Recent weeks have seen a wide-ranging set of attacks on civil servants; but while the media outlets that convey these criticisms enjoy knitting every complaint together into a neat depiction of the civil service as bloated, obstructive and inept, there are actually three sets of criticisms here, made by intersecting groups with distinct objectives.
Some ministers portray Whitehall as wasteful, with the aim of winning support for cuts to salaries, pensions, jobs and, now, terms & conditions. Another group of politicians, railing against the slow pace of delivery and the constraints presented to them by officials, believe that their policies would work out fine if only civil servants could be forced to obey them. And a third group – including many civil servants as well as politicians – complain that Whitehall lacks the skills and capabilities to deliver policies effectively. Unfortunately, the assaults mounted by the first two cohorts – the first rooted in hard political calculations, the second in frustration and a misunderstanding of the civil service’s role – are undermining the efforts of the third group.
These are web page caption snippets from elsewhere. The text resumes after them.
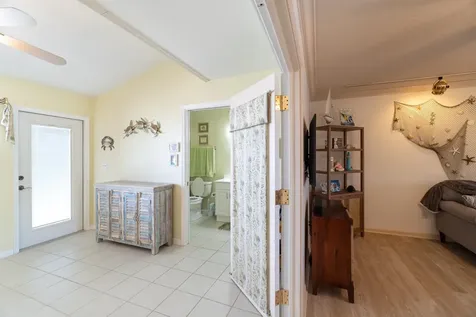 7145 A1a S St Augustine FL 32080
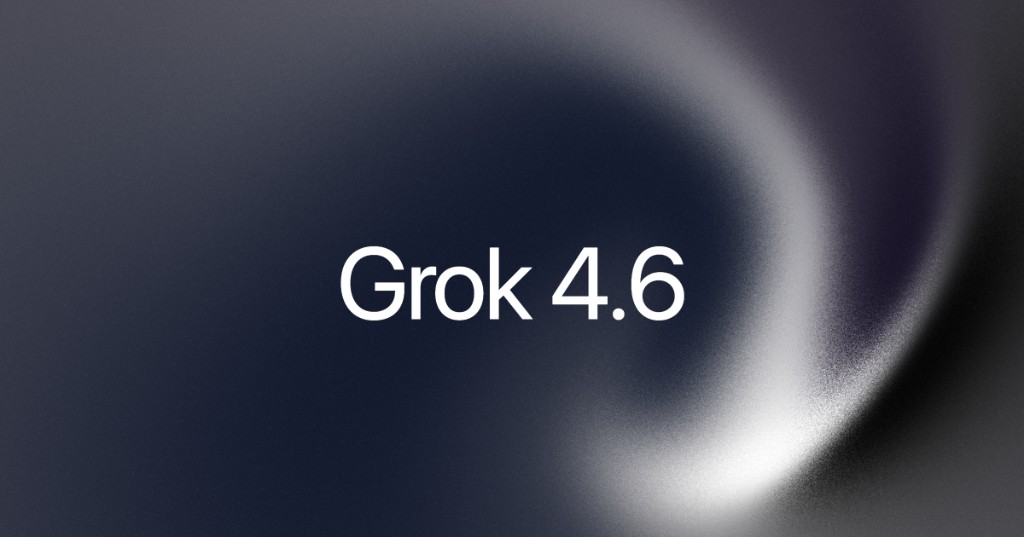Grok 4.6 AI Model by SpaceXAI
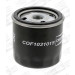 CHAMPION Ölfilter | COF103101S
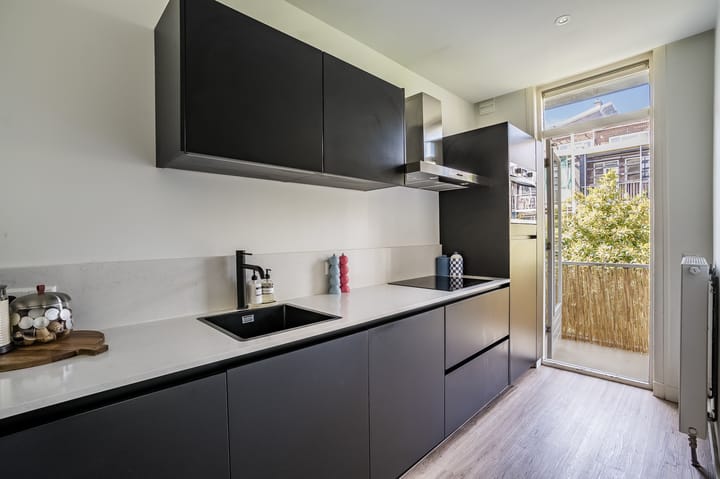 Foto 3 van Orteliusstraat 207-2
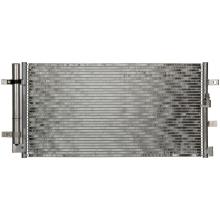 DELPHI CF20307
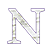 birch_n_purple-outline.png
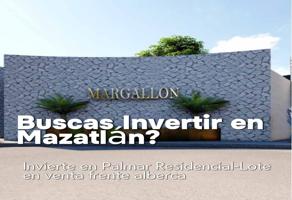 Foto de inmueble en Palmar Residencial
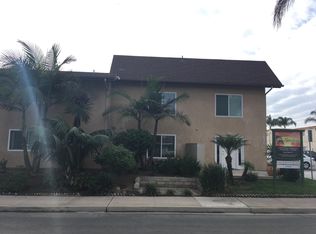 1031 Imperial Beach Blvd #57-9-48, Imperial Beach, CA 91932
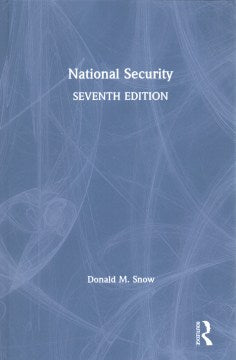 National Security - MPHOnline.com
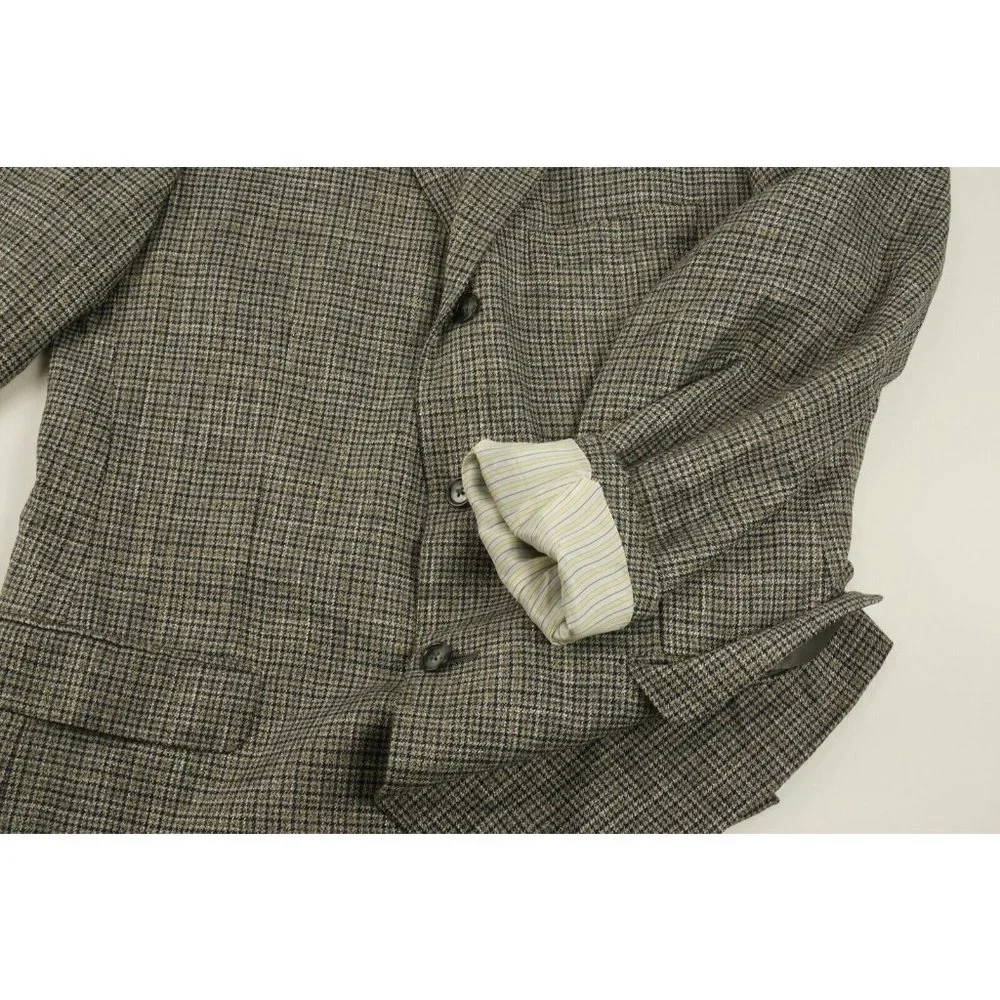 Corneliani leader men
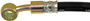 Dorman - First Stop Brake Hydraulic Hose P/N:H381050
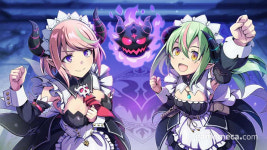 걸 건 자매 없는 그림 가디언즈 신작 나온다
Sensible leaders know that, to reform and improve delivery skills, they must first engage the workforce with the task. In 2006 Tory HQ recognised this, and the party’s Public Services Improvement Policy Group criticised Labour ministers for attacking public servants: “A private corporation which publicly shamed its employees in the way that government has done in recent years would not long survive,” it said. Yet now Tories launch indiscriminate broadsides that risk creating a mood of sullen recalcitrance.
As scrutiny of the West Coast Mainline debacle reveals (see news feature), parts of the civil service do urgently need to improve in areas such as management and procurement. But it’s clear that the cuts have seriously weakened the DfT’s abilities here – not only because a hasty reorganisation weakened continuity of leadership and sucked away essential skills, but also because the Cabinet Office’ spending controls ruled out the high professional salaries or external advice that might have filled those gaps.
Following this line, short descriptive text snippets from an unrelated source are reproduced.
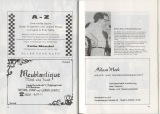 GRF-Liederbuch-1980-29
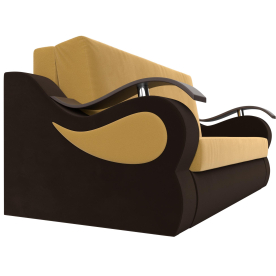 Диван Кельвин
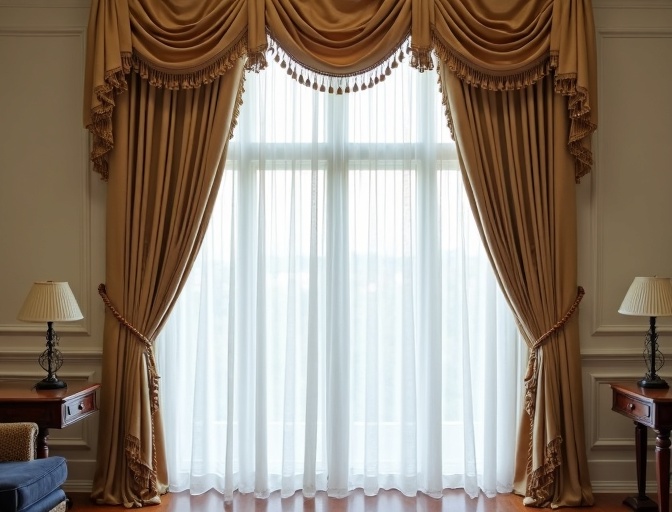 Caboolture South Drapes Cleaning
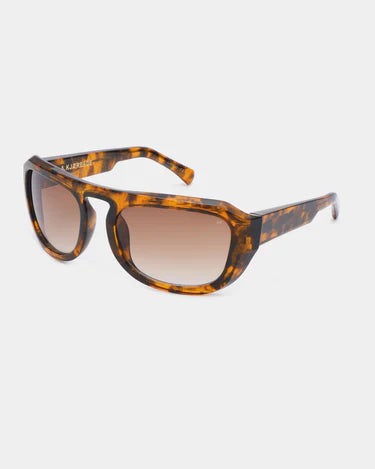 MAX HAVANA SUNGLASSES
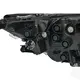 New automotive work light brand price | TYJ Vehicle Parts 4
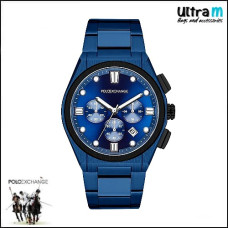 Polo Exchange PXW 450-07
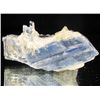 Image 2 : 580ct Kyanite Crystal Cluster (MIN-002211)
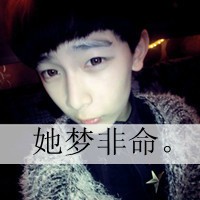屠磊素鸿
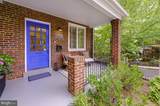 2117 Observatory Place - Photo 6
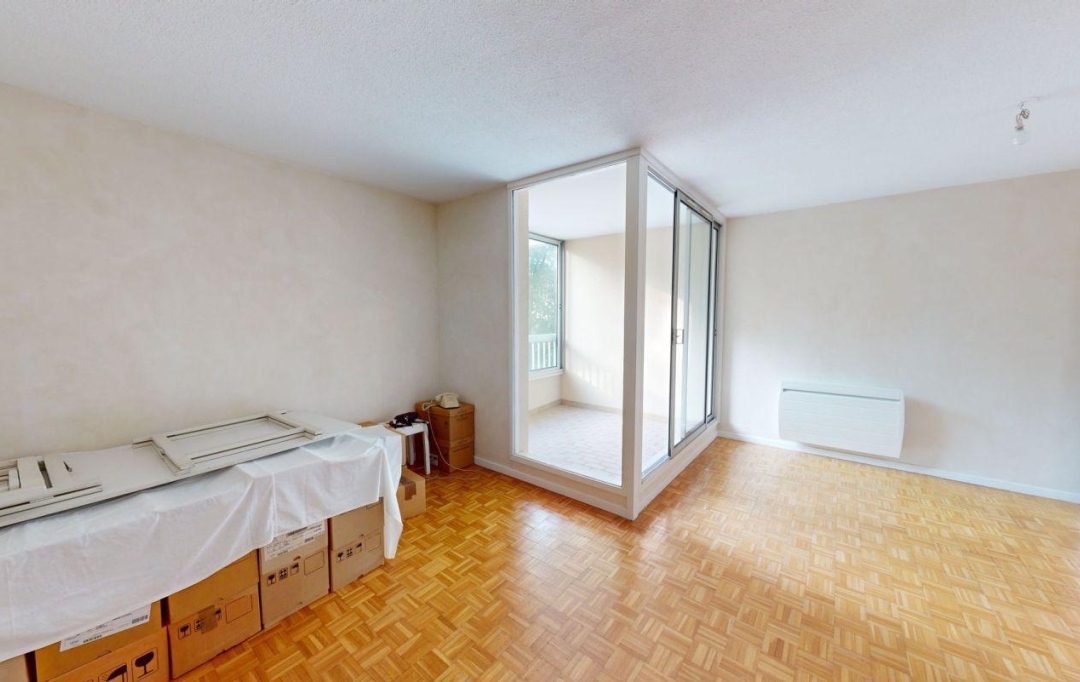 Annonces LANGUEDOC : Appartement | MONTPELLIER (34000) | 54 m2 | 169 000 €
Here, the spending controls have proved an overly blunt instrument (see news article). Essential at first to force officials to question every budget line, they are nonetheless a constraint on the civil service’s ability to do its job. Ultimately, the best tools to catalyse deeper civil service reform are the efforts of departmental managers, staff engagement, and the empowerment of top leaders – none of which can be mandated by central diktat. There is substantial support for reform inside Whitehall, and most changes – those designed to cut spending as well as to build capabilities – would be far easier to implement if civil servants were engaged rather than bludgeoned.
That leaves the third debate – and the constitutional issues around civil service accountability should be discussed quite separately, for there’s no reason to think that giving ministers more power in Whitehall would help cut civil service costs or improve capabilities. This, ultimately, would be a debate about which group is more trusted: civil servants, or politicians. And in CSW’s more cynical moments, the thought occurs that maybe that fact explains why some of those who want to tighten accountability seem so keen to conflate these three distinct issues in the first place.